"""

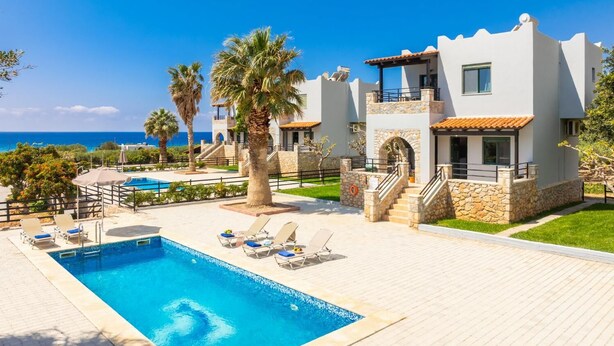 Un complexe hôtelier doté d’une piscine, de chaises longues, de palmiers et offrant une vue sur la mer.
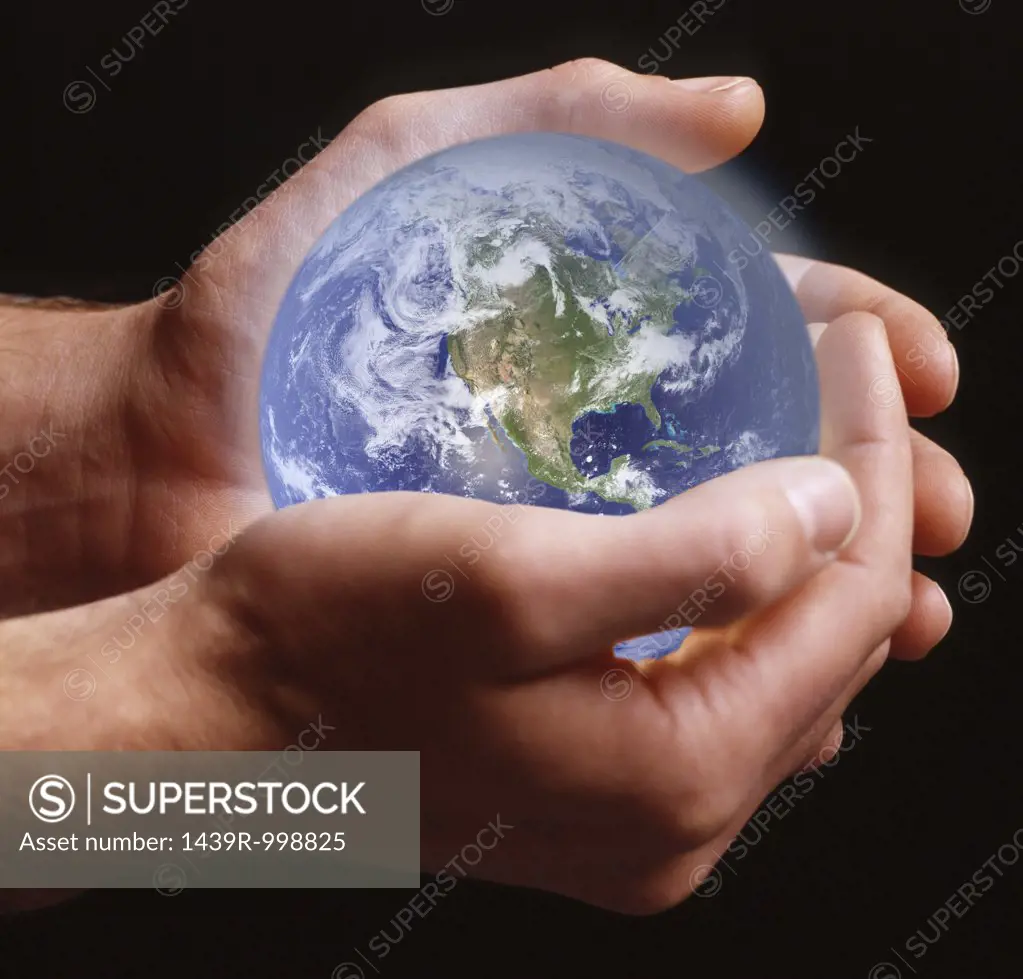 Person holding planet earth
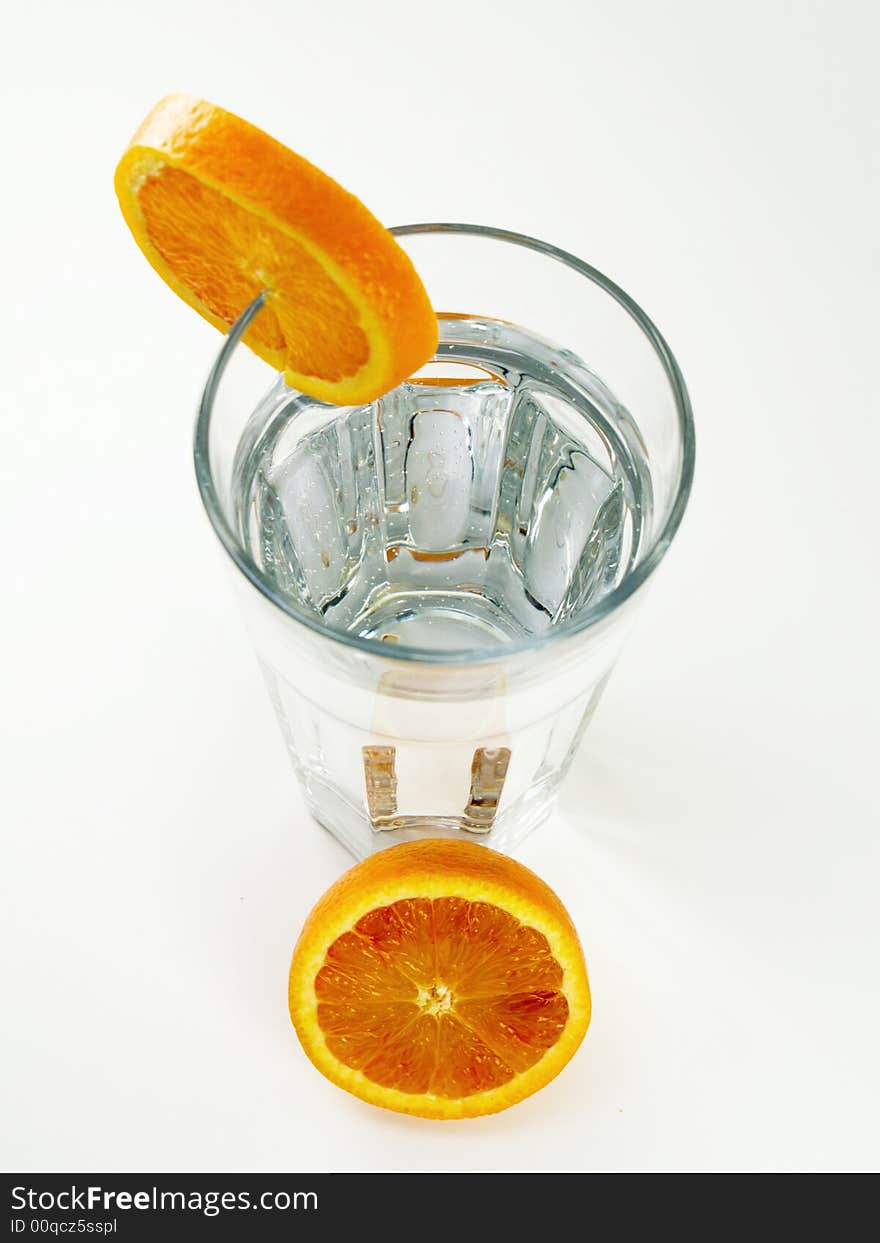 Glass of pure water with orange slices. Glass of pure water with orange slices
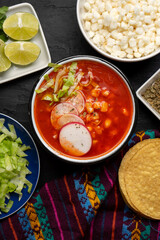 Mexican food. Red pozole with chicken on dark background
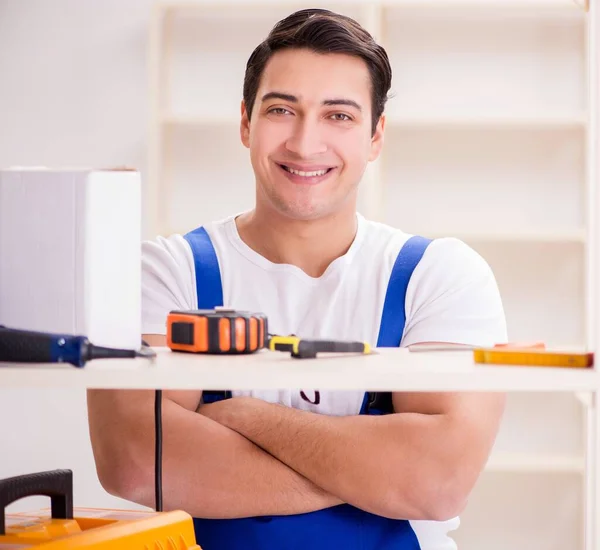 Trabalhador reparando montagem estante de livros — Fotografia de Stock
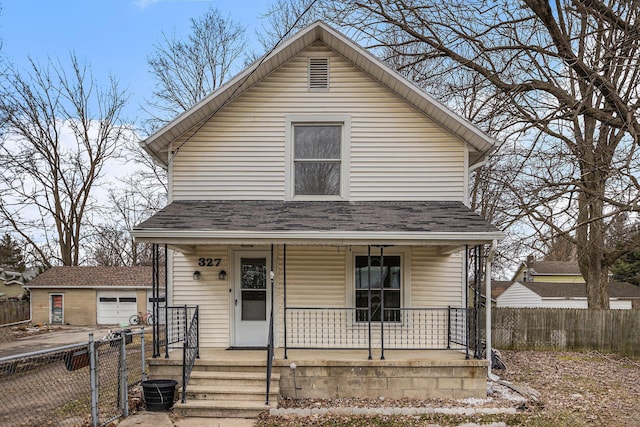 view of front facade featuring a garage, a shingled roof, covered porch, fence, and an outdoor structure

"""

§ Task
Set the records down again exactly, and omit any picture in them.

§ Your solution
 Un complexe hôtelier doté d’une piscine, de chaises longues, de palmiers et offrant une vue sur la mer.
 Person holding planet earth
 Glass of pure water with orange slices. Glass of pure water with orange slices
 Mexican food. Red pozole with chicken on dark background
 Trabalhador reparando montagem estante de livros — Fotografia de Stock
 view of front facade featuring a garage, a shingled roof, covered porch, fence, and an outdoor structure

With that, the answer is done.